Stocks Under Pressure — Three Days Down
Equity markets have declined under the pressure of rising yields.
According to CNBC, the S&P 500 fell 0.5% Tuesday, the Nasdaq dropped 0.6%, and the Dow shed 357 points — all headed for a third consecutive losing session, the longest streak since March.
The Philadelphia Semiconductor Index is down more than 6% in two days. Qualcomm slid more than 3%. Broadcom fell 1.8%. Nvidia is down slightly ahead of its Wednesday earnings report.
Jed Ellerbroek, portfolio manager at Argent Capital Management, told CNBC this represents "a breather after an epic rally." Kevin Gordon, head of macro research at the Schwab Center for Financial Research, said to expect smaller rallies going forward compared to the moves off the March lows.
South Korea's Kospi led losses in Asia, with foreign investors pulling money for a ninth straight day, according to ZeroHedge.
Investors Split on Direction
Bloomberg flagged a "rift among investors" on where yields go from here.
One camp believes yields are near their peak — that a Middle East deal plus eventual Fed action will bring rates back down. The Bank of America survey's 20% targeting a 4% 30-year yield reflects this view.
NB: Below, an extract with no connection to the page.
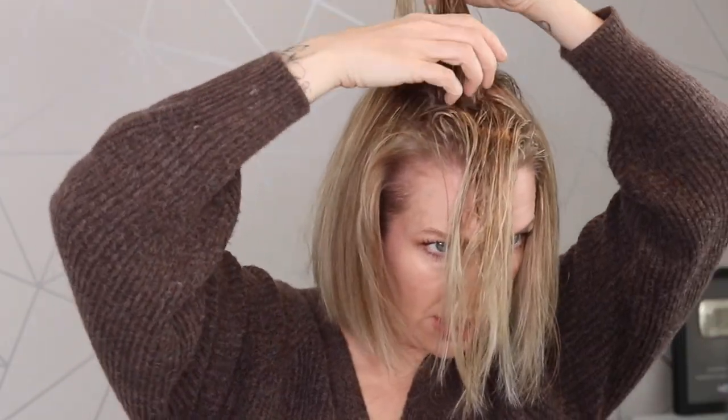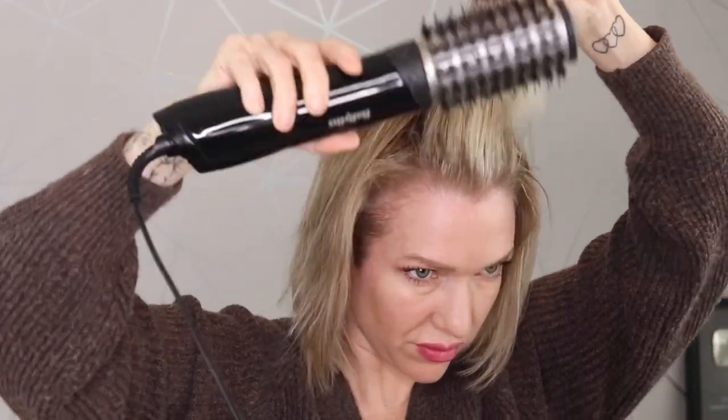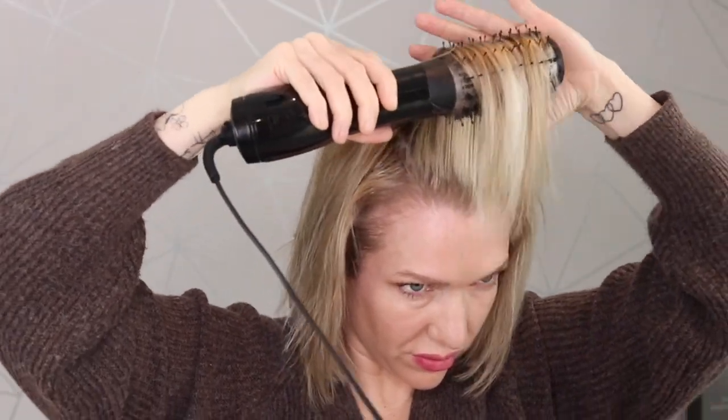So nearly done now. Taking this last bit here, I kind of still like to bring this up. I'll just let that cool a little bit because I want a nice lift at the front.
The second camp, representing 62% of global fund managers, sees fiscal and inflationary forces as structural rather than temporary. Deficits don't shrink on their own. Energy prices don't reverse on policy announcements.
The Cost to Borrowers
The 10-year yield at 4.659% is the benchmark for mortgages, auto loans, and credit card debt. Every basis point increase makes borrowing more expensive.
A 30-year yield at 6% would put borrowing rates at levels not seen since the late 1990s.
The Federal Reserve faces limited options, constrained by the need to avoid cutting rates into rising inflation. Congress cannot spend its way out of a deficit-driven problem.